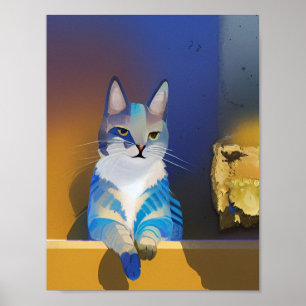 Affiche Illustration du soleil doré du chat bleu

...

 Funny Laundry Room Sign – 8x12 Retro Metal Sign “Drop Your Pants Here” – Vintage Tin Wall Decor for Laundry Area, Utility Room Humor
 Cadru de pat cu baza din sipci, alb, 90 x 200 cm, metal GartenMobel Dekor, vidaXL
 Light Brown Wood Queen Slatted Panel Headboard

--

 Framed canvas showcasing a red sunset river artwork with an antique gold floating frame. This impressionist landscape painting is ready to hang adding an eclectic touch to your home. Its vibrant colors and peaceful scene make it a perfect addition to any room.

## Problem statement
Within the material above, extract exactly the lines that start at the line containing "Cadru de pat" and stop after the line containing "Light Brown Wood", and only those.

## Solved exercise
 Cadru de pat cu baza din sipci, alb, 90 x 200 cm, metal GartenMobel Dekor, vidaXL
 Light Brown Wood Queen Slatted Panel Headboard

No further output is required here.